Проклятие субординации! Я должен приветствовать его первым.
Ненавидеть в одиночку мне мало. Я ищу союзников — сообща ненавидеть. Широким фронтом. Помощников чувству ищу. Я вылавливаю из текущей жизни чье-нибудь малейшее недовольство и методом резонанса раскачиваю амплитуду плохого отношения. Частный случай где-то на запятках интонации переходит в обобщение и подается в виде готового, еще до меня созревшего общественного мнения, которое последним случаем только лишний раз подтвердилось.
Я поступаю неблагородно. Отлично понимаю это. Но я так поступаю.
«Да что ты! Для Дулепова это даже еще и умно!»

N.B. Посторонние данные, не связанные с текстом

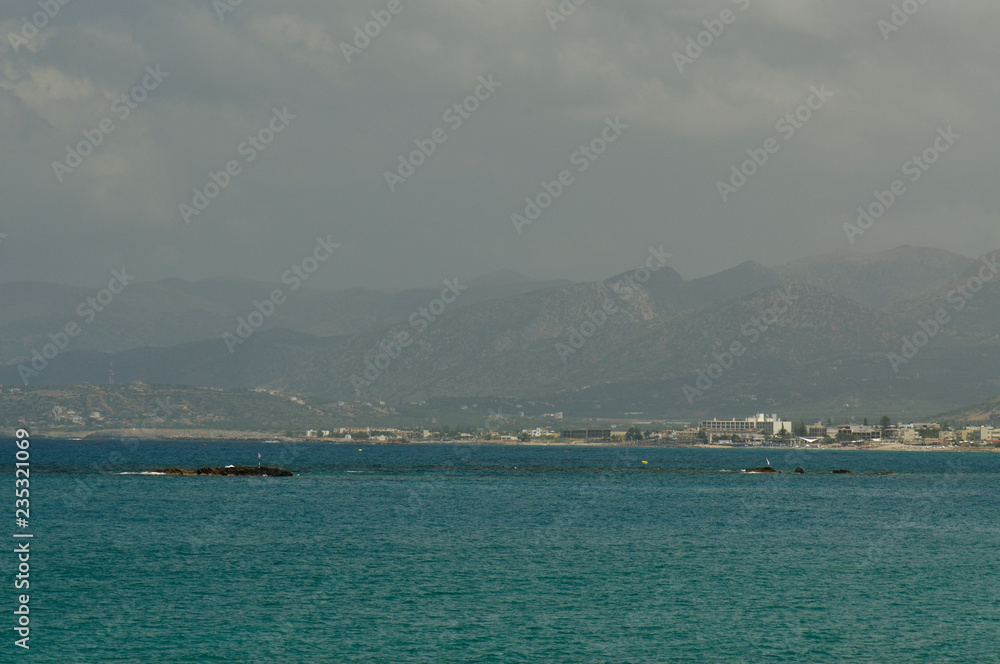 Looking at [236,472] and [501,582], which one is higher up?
[501,582]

И вот мы уже внесколькером, сомкнувшись плотным строем, плечо к плечу, выставляем против Дулепова пики наших чувств. Мы, его противники, друг друга любить начинаем, хотя прежде не имели для этого никаких взаимных оснований. Мы отпускаем друг другу все прежние разногласия. Мы становимся партией. Хотя знаю: всякое объединение сомнительно, потому что чуть сдвинь нашу объединяющую точку в сторону — и вся параллельность пик нарушится, и некоторые обернутся друг против друга врагами. Что и происходит.
Человеку, бедному существу, надо иметь куда вперить рога своей агрессии. Встали друг против друга, напрягли ноги в этом противостоянии — и отсчитываем секунды жизни в содержательном времяпрепровождении.
Ну и дело помаленьку все же делается.
Делалось бы лучше и больше, если б не вражда. Если б не считали пустяком то, чем ты занимаешься как самым необходимым. Был бы Дулепов не такой дуболом, делал бы тишечки свои делишечки, но и других бы не заталкивал. А то ведь ему край надо доказать, что ты дурак, а умный он один. Ему жизнь не в радость, пока он этого не доказал.
— Но ведь он же искренне! — талдычит свое Зина.
Алексей уже матери своей рассказал про мои муки. Мать тоже включилась.
Ни в коем случае, говорит, не надо на собрании выступать против. Не надо вообще никаких действий «против», надо все силы тратить «за» свое, но не «против» чужого.
Алексей ей: «Это твое личное мнение или это ваши теоретики выработали как принцип?»
Мать: с собой, говорит, борись, на себя бы одного хватило сил. А за другого ты не решай. Ты видишь только его поступки, но не видишь его покаяния.
«Да какое покаяние, мать! Они собой довольны вполне!»
Она: а ты вспомни, когда распяли господа, первым ему поклонился разбойник на кресте. Для всех господь был унижен, один разбойник только и различил высоту его. Нет, никого перечеркивать нельзя.